Iran’s Bitcoin hashrate fell about 77% over the past quarter, according to a new report from Hashrate Index. The country’s mining capacity dropped from roughly 9 exahashes per second to about 2 EH/s. The report linked the decline to the recent conflict involving Iran, the United States, and Israel.
Ian Philpot, marketing director at Luxor Technology, said Iran lost about 7 EH/s quarter over quarter. That made it one of the steepest regional drops in recent periods. The report said the decline came as conflict disrupted conditions for mining activity inside the country.

Iran is estimated to have about 427,000 active Bitcoin mining machines. Mining depends on reliable power and operating stability, and both can be affected during military conflict.

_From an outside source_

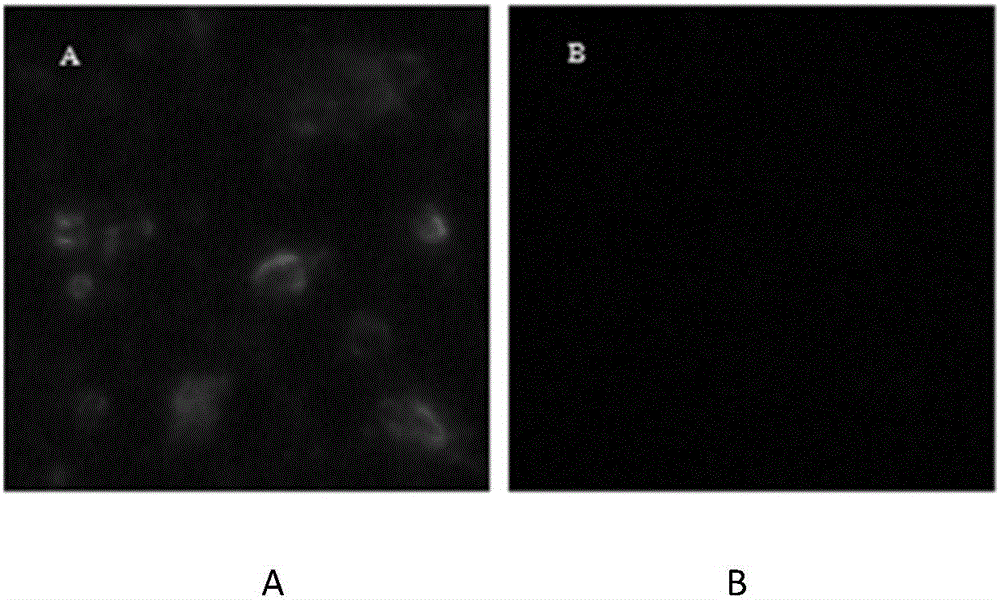 Salmons IHNV monoclonal antibody and detection kit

As mining rigs go offline, national hashrate falls and local activity becomes harder to sustain.
The report said the damage remained concentrated in Iran. Philpot wrote, “The impact was contained to Iran; neighboring UAE and Oman remained stable.” That point matters because traders had watched for broader disruption across nearby countries with energy and mining exposure.
Even with the fall in Iran, the global Bitcoin network has remained stable. Hashrate Index data showed global hashrate near 1,000 EH/s. Philpot said no single region currently has enough mining capacity to threaten the continuity of the wider network.
He wrote, “Regional disruptions redistribute hashrate rather than destroy it.” That means mining activity often shifts between regions instead of disappearing from the network. Bitcoin’s proof-of-work model is designed to keep blocks moving even when one country loses capacity.
The report said the loss from Iran represented less than 1% of the global network’s pre-conflict capacity. That helps explain why block production and network security did not see major visible disruption. The network absorbed the regional drop without broader operational stress.
Bitcoin mining is spread across several large jurisdictions. The United States remains the top mining region with more than 37% of global hashrate. Russia follows with about 17%, while China accounts for roughly 12%, according to the Hashrate Index heatmap.
While Iran’s decline was linked to conflict, the report said the broader global slowdown in mining is mainly tied to Bitcoin’s falling price. The 30-day simple moving average of global hashrate dropped from 1,066 EH/s in Q1 to about 1,004 EH/s in Q2. That marked a 5.8% quarter-over-quarter decline.
Bitcoin has fallen more than 45% from its all-time high of $126,000 set in October. Lower prices reduce miner revenue because block rewards are worth less in dollar terms. When revenue falls, weaker machines become harder to operate at a profit.
Philpot said mining profitability, not regulation or energy costs, is the main factor behind current hashrate shifts. He said older machines with efficiency above 25 J/TH now operate at negative gross margins. That has forced many operators to shut down legacy equipment.
The report estimated that about 252 EH/s of marginal mining capacity now sits offline worldwide. Much of that capacity is older hardware that has already been retired. This has turned the current period into a price-driven mining reset rather than a conflict-driven global shock.
The report came as the United States and Iran reached a two-week ceasefire on April 8. The truce followed weeks of conflict and included an agreement to reopen the Strait of Hormuz for shipping. Peace talks are expected to begin in Islamabad, with Pakistan acting as mediator.
That ceasefire may reduce immediate regional pressure, but it does not guarantee a quick mining recovery in Iran. Mining operations need steady electricity, internet access, and working infrastructure. If those conditions remain weak, local hashrate may stay below earlier levels.
For now, the report shows two separate trends in Bitcoin mining. Iran’s hashrate fell sharply because of conflict, but the global network stayed intact. At the same time, lower Bitcoin prices continue to push older machines offline across many regions.